Emmanuel Macron a profité du dernier acte du grand débat, ce jeudi, pour critiquer les "postures" des nationalistes corses qui ont boycotté cet événement organisé en Corse-du-sud. Le chef de l'Etat avait un peu plus tôt décliné l'invitation des chefs de l'exécutif corse à l'Assemblée de l'île.

"Les Corses méritent mieux que des guerres de tranchées", a affirmé jeudi Emmanuel Macron, lors de son ultime déplacement dans le cadre du grand débat, ce jeudi en Corse.

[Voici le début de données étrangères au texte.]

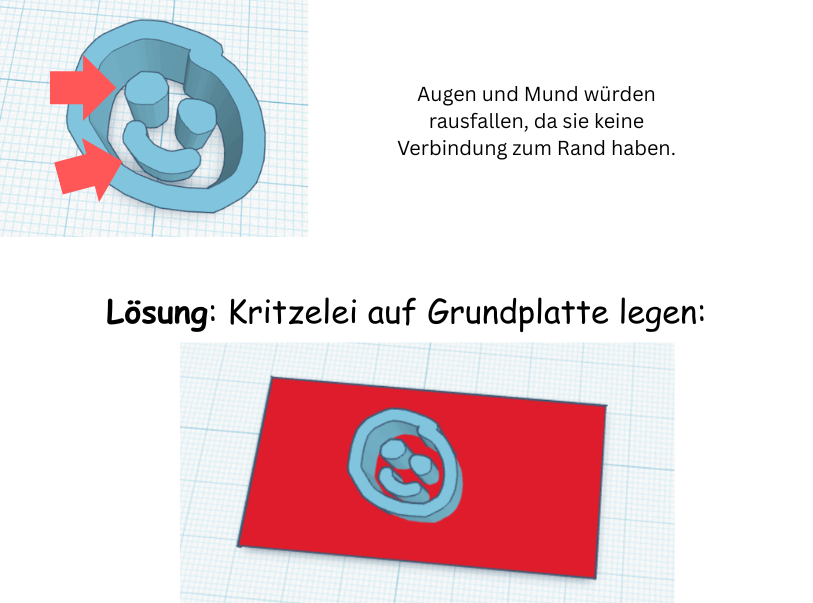 Kritzelei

Le chef de l'État a débattu dans le village de Cozzano, en Corse du Sud, avec quelques 160 maires de l'île mais en l'absence des responsables nationalistes, qui ont boycotté l'événement.

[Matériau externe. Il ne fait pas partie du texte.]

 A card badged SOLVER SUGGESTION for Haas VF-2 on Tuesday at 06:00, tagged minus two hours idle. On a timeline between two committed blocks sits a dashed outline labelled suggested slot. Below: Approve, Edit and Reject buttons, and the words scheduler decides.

Arrivé dans l'île dans un climat tendu, Emmanuel Macron a d'abord salué les singularités de la Corse. "Ne réveillons pas la violence", a lancé solennellement le chef de l'Etat, dans un souci d'apaisement, avant de passer à l'offensive et d'évoquer ses relations historiquement conflictuelles avec l'État.

"L'avenir de la Corse est dans l'ouverture, pas dans le repli (...) et "les Corses méritent mieux que des guerres de tranchées ou de position", a-t-il affirmé dans une critique implicite de l'attitude des nationalistes.

Ne pas être "dans les jeux de posture"

Emmanuel Macron a ensuite expliqué les raisons pour lesquelles il avait refusé de se rendre à l'Assemblée de Corse, déclinant ainsi l'invitation lancée dans la matinée par les dirigeants nationalistes, qui avaient eux-même décidé de boycotter le grand débat entre le chef de l'État et des élus à Cozzano, en Corse-du-Sud.

"Je ne réponds pas en tant que président de la République à une convocation devant une assemblée territoriale. Ce serait une perte de repères profonde", a lancé Emmanuel Macron face aux 160 élus corses.  "Moi (...) j'avance. Je considère que nous avons fait notre part, et y compris sur notre part de dialogue qui est la mienne. Quand je suis venu en 2018, je me suis rendu à la collectivité, je n'ai pas été dans les jeux de posture. Je n'ai pas dit 'non, non, le rendez-vous se tiendra à la préfecture'. Je suis allé à la collectivité, et avec bonheur", a-t-il développé.

Seuls les maires d'Ajaccio ou de Propriano étaient présents ce jeudi à Cozzano, et il manquait plus de la moitié des 360 maires de l'île, ainsi que les deux hommes forts de l'île, le président du conseil exécutif, Gilles Simeoni, et celui de l'Assemblée de Corse, Jean-Guy Talamoni, au pouvoir depuis 2015. Frustrés de ne pas obtenir d'avancées sur leur demande d'une autonomie plus large de la Corse, ils ont refusé de faire le déplacement.

"Un échec complet", pour Jean-Guy Talamoni

"Ceux qui veulent défendre l'identité corse doivent faire le travail mémoriel qui va avec", a ensuite lancé le président face aux élus, en référence à l'assassinat du préfet Erignac en 1998 par les nationalistes. Emmanuel Macron a déploré ne pas avoir entendu de "regrets" sur cet assassinat, "au risque de faire bégayer l'histoire".

Jean-Guy Talamoni, présent à la manifestation devant la préfecture à Ajaccio, a pour sa part "regretté profondément" que "le dialogue ne s'ouvre pas" avec Emmanuel Macron. Mais "nous sommes persuadés que ce dialogue s'ouvrira parce qu'on ne peut pas imaginer régler le problème corse autrement que par une discussion".

"Nous nous attendions à ce que ce débat ne soit pas une avancée pour la Corse", a amèrement répliqué le président de l'Assemblée de Corse, invité de notre antenne ce jeudi soir
"Mais les élus n'étaient pas très nombreux, et ne pas même réussir à remplir une salle comme celle-là, c'est un échec complet (pour Emmanuel Macron). Pas même une centaine d'élus étaient présents, en comptant les conseillers municipaux et le personnel de la préfecture, alors qu'il y a 300 maires et des milliers d'élus en Corse", a déploré Jean-Guy Talamoni.

La visite d'Emmanuel Macron dans l'île a donné lieu à un mouvement de mécontentement "île morte", à l'appel de mouvements nationalistes et soutenu par des syndicats. Quelque 200 personnes ont manifesté à Ajaccio avant d'être dispersées par une forte pluie.